Hambourg subit son Armageddon, du 25 juillet au 3 août 1943. Des bombardements massifs avec des bombes incendiaires (au napalm) : tempête de feu. Il y eut (au moins) 45 000 morts. Brûlés vifs. L’opération avait reçu pour nom de code : Gomorrhe, – par quelle perversion notre « civilisation » peut-elle recycler ces noms d’exterminations antiques voulues par un dieu cruel ? Hiroshima est resté sans doute plus emblématique par sa plus grande efficacité et le saut technologique, son « innovation ». En une fraction de seconde la bombe atomique accomplit ce travail de mort étalé sur quelques jours près de l’embouchure de l’Elbe. On ne reviendra pas ici sur les enchaînements tragiques qui conduisirent à cette catastrophe biblique qui en compta tant d’autres durant la IIe Guerre mondiale.
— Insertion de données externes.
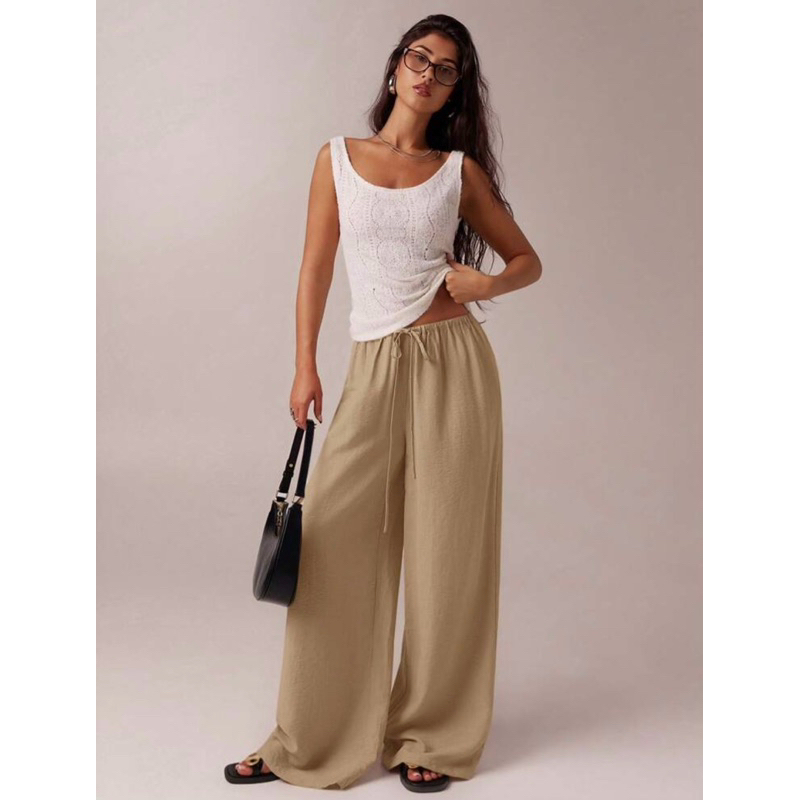 Calça pantalona cordão efeito linho perna larga longa moda praiana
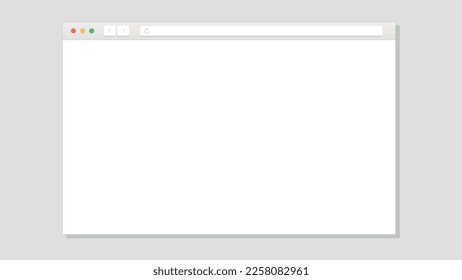 Ventana de navegador web en blanco. Moderno sitio web modo de luz de la maqueta del navegador para escritorio. Ilustración vectorial.
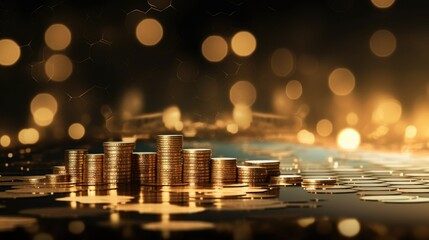 Golden coins stacked in increasing columns on a reflective surface with warm bokeh lighting effect. Concept of financial growth and success, financial decisions, savings, or smart investments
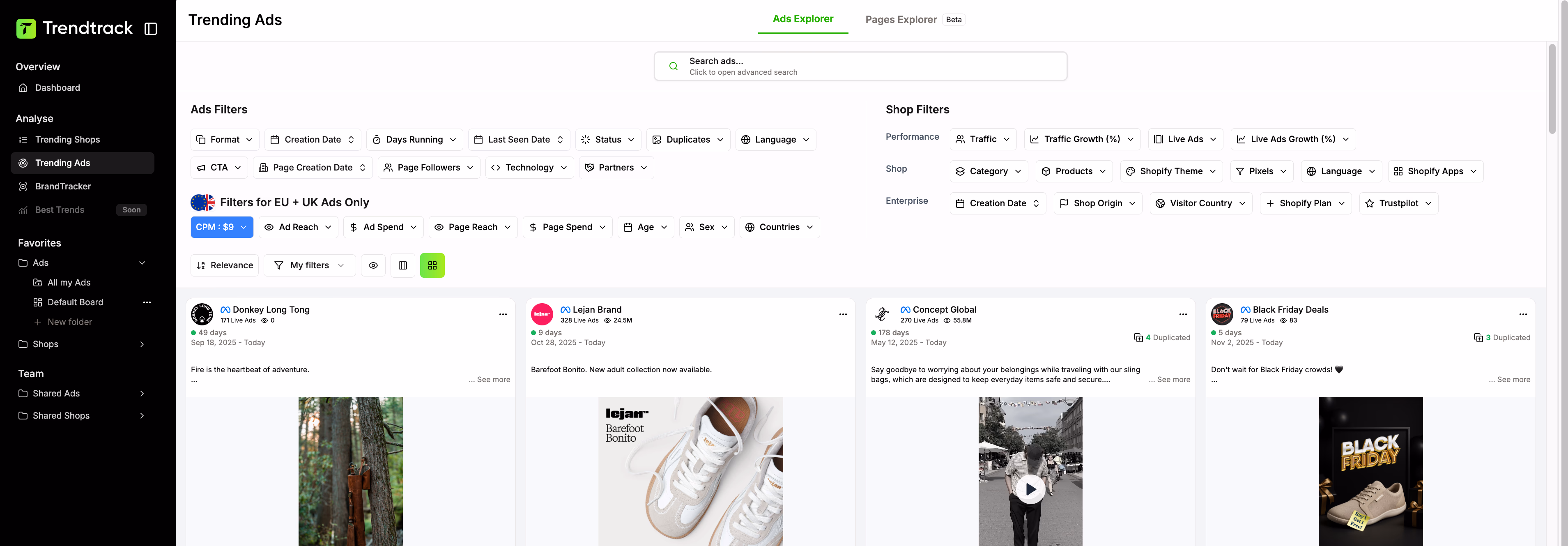 Trendtrack Ads Explorer Interface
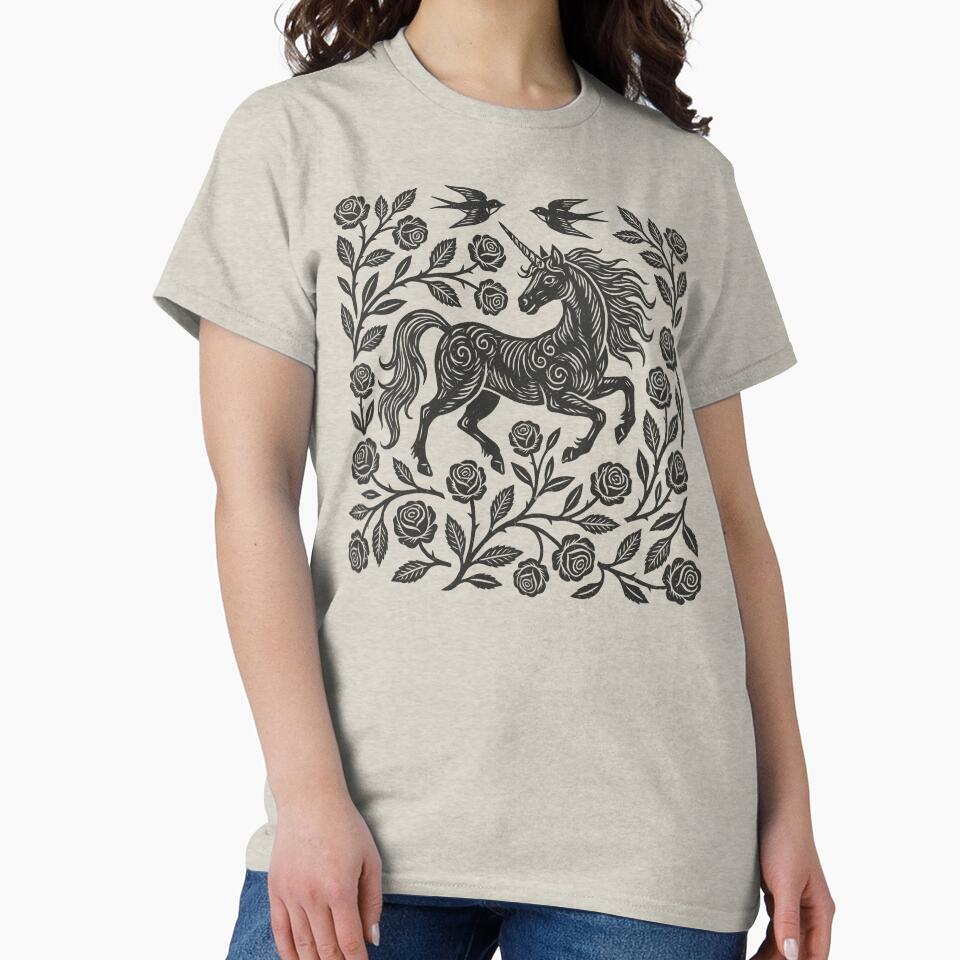 Unicorn Roses Folk Art Medieval Fantasy Goblincore by Y-Vibes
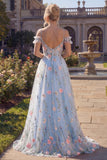 Blue Tulle A-Line Cold Shoulder Floral Corset Long Prom Dress with 3D Flowers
Les habitants de Guernica, de Londres, de Coventry, de Berlin, de Dresde ou du Havre (la liste est interminable…) avaient-ils la moindre intuition que cela pouvait leur arriver, à eux, au XXe siècle ? Se pensaient-ils à l’abri de la Civilisation européenne qui exportait ses exactions sur les autres continents ? Victor Klemperer écrit dans son livre, « LTI, la langue du IIIe Reich » [Pocket] – un des livres les plus importants du XXe siècle –, que « les guerres non plus n’étaient sans doute plus à craindre, pas au cœur de l’Europe… (…) Jusqu’en plein mois de juin 1914, j’ai considéré comme fantaisiste tout ce que l’on écrivait au sujet de la possibilité d’un retour à des conditions moyenâgeuses et je prenais pour conditions moyenâgeuses tout ce qui était incompatible avec la paix et la culture (p. 267) ». Il y évoque aussi sa « fuite rocambolesque » (sic) en 1945 et témoigne : « au soir de ce 13 février [1945) la catastrophe s’abattit sur Dresde : les bombes tombaient, les maisons s’effondraient, le phosphore coulait à flot (…) et la même tempête de feu entraînait Juifs et chrétiens dans la mort. (…) mais pour [lui V.K] elle signifia le salut, car, dans le chaos général, il put échapper à la Gestapo (p. 329) ».

Hambourg fut reconstruite (comme Dresde et les autres cités allemandes et européennes) et elle est redevenue la digne ville de Georg Philip Telemann (où naquirent notamment Brahms et Mendelssohn) : un des plus grands ports du monde, riche et cultivé. Des cycles de créations sur plusieurs siècles suivis d’anéantissements soudains et relativement si brefs, c’est la malédiction des humains. Avec l’oubli mortifère des expériences passées : tels des actes minuscules (comme un vote) mais parfois aux conséquences immenses. Mais il y a de lents progrès tout de même, pas à pas, quand des hommes et des femmes de bonne volonté se mobilisent pour se souvenir et arrêter une trajectoire vers l’abîme. Pensez-y.